Pertama, mengubah sumber pertumbuhan ekonomi yang ditopang oleh konsumsi menjadi digerakkan oleh investasi dan ekspor. Lemahnya perencanaan dan koordinasi peraturan perundangan, baik tingkat vertical maupun tingkat horizontal. Terus terjadi. Oleh karena itu , di perlukan reformasi mendasar yang berkaitan dengan perbaikan iklim bisnis dan investasi  di Indonesia, yang mencakup setidaknya reformasi berikut:

  1. Reformasi Pelayanan Investasi

Dalam hal ini prosedur aplikasi, terlebih dahulu investor harus mendapatkan beberapa persetujuan, perizinan, dan lampu hijau dari BKPM atau BKPMD untuk tahap awal.

  • Tiga hal utama yang diinginkan oleh investor dan pengusaha yaitu: penyederhanaan sistem dan perizinan, penurunan berbagai pungutan yang tumpang tindih, dan transparansi biaya perizinan.
  • Reformasi dapat dimulai oleh pemerintah pusat atau pemda.

Kedua, para birokrat dan pejabat di pusat maupun daerah masih berprilaku sebagai PREDATOR dan belum menjadi fasilitator bagi dunia bisnis.

Ketiga, diperlukan rencana reformasi yang komperehensif dan berjangka menengah, setidaknya 5 tahun kedepan.

Belajar dari perencanaan pembangunan nasional di masa lalu, setidaknya di kenal beberapa kecenderungan.

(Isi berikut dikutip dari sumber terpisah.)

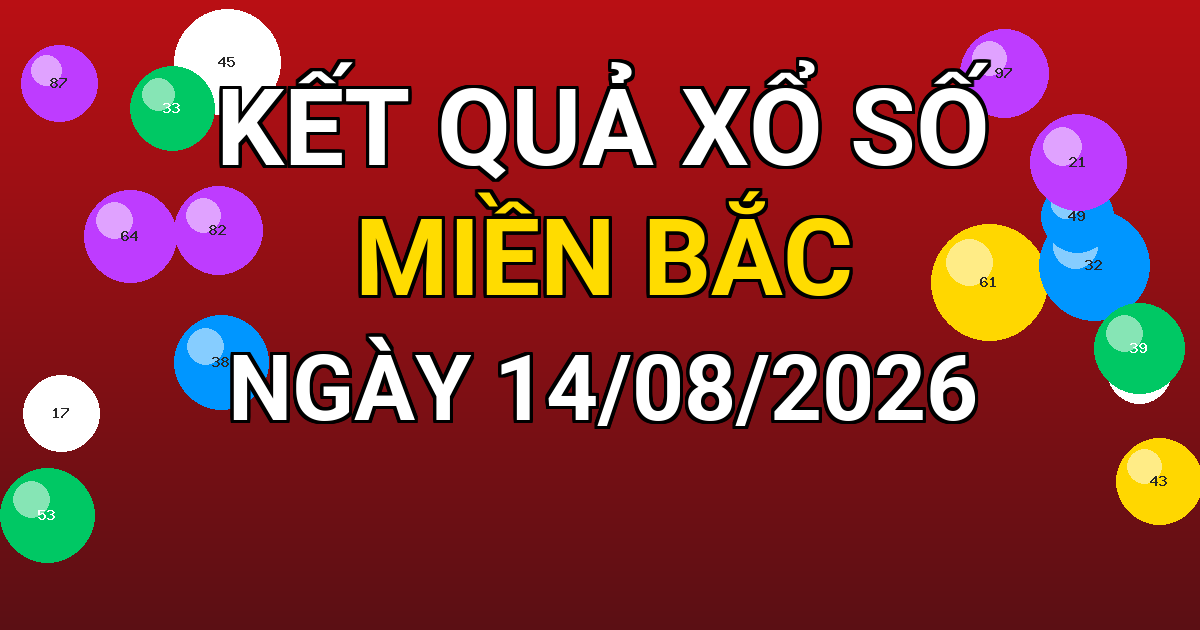 Kết quả xổ số Miền Bắc ngày 14/08/2026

  1. Belum di masukkannya dimensi spasial dalam perencanaan pembangunan.
  2. Pendekatan sektoral masih lebih menonjol dari regional
  3. Kebijakan pembangunan industri nasional kedepan adalah membangun daya saing industri dengan basis kluster dan kompetensi inti daerah,
  4. Belum dianutnya perencanaan antisifatif terhadap berbagai macam gangguan baik alam maupun manusia.[11]

BAB III

PENUTUP

grand strategi adalah suatu pendekatan secara keseluruhan yang kaitannya dengan pelaksanaan gagasan atau ide, perencanaan, dan pengambil keputusan sebuah aktivitas dalam

Sumber pertumbuhan ekonomi suatu negara atau suatu wilayah dapat dilihat atau diukur dari tiga pendekatan yaitu, pendekatan faktor produksi (Neo Klasik), pendekatan sektoral dan pendekatan pengeluaran yang meliputi konsumsi, investasi, pengeluaran pemerintah dan selisih ekspor dengan impor. Dalam pendekatan faktor produksi, sumber pertumbuhan ekonomi dilihat dari faktor-faktor produksi yaitu modal (capital), SDA, tenaga kerja (man power) dan kemajuan teknologi (technology progress). Selanjutnya, untuk melihat sumber pertumbuhan ekonomi dari pendekatan sektoral yaitu dilihat dari sektor-sektor ekonomi. Sektor ekonomi dalam hal ini dapat dibagi dalam 3 sektor saja yaitu sektor primer (pertanian dan pertambangan), sektor sekunder dan kontruksi serta sektor tersier (jasa-jasa).